Menos atenção recebeu o vizinho Ruanda, que atravessa atualmente uma situação semelhante: o Presidente Paul Kagame quer ser reeleito em 2017, embora a Constituição limite os mandatos presidenciais a dois sucessivos. Esta semana, o Parlamento aprovou uma emenda constitucional que será votada pela população e que poderá permitir a candidatura do chefe de Estado a um terceiro mandato.

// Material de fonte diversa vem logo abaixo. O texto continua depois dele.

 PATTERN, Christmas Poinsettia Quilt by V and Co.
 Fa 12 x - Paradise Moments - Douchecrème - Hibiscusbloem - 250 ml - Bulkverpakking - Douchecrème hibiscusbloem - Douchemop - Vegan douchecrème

Bom presidente, mau presidente
Dois países, dois presidentes que vêem a Constituição nacional como um obstáculo. No entanto, enquanto o embaixador alemão no Ruanda é bastante claro nas críticas ao Burundi, o caso ruandês é encarado de forma muito diferente. Peter Fahrenholtz apoia o referendo que poderá permitir alterar a Constituição no Ruanda, afirmando que o processo será “totalmente transparente e justo”.
O embaixador alemão falava ao jornal ruandês New Times, numa entrevista em que, por outro lado, deixa uma recomendação ao Presidente do Burundi: “o melhor seria afastar-se e deixar o país avançar”.
Declarações que surpreenderam o professor de Política de Desenvolvimento da Universidade de Antuérpia, Stef Vandeginste. O académico questiona o facto de as autoridades alemãs criticarem o Burundi mas continuarem a tratar o Ruanda como um Estado modelo afirmando que “a entrevista parece sugerir que isto é uma história de bons contra maus. E a pergunta que se impõe é o que torna o Burundi um caso mau e o Ruanda um caso bom”.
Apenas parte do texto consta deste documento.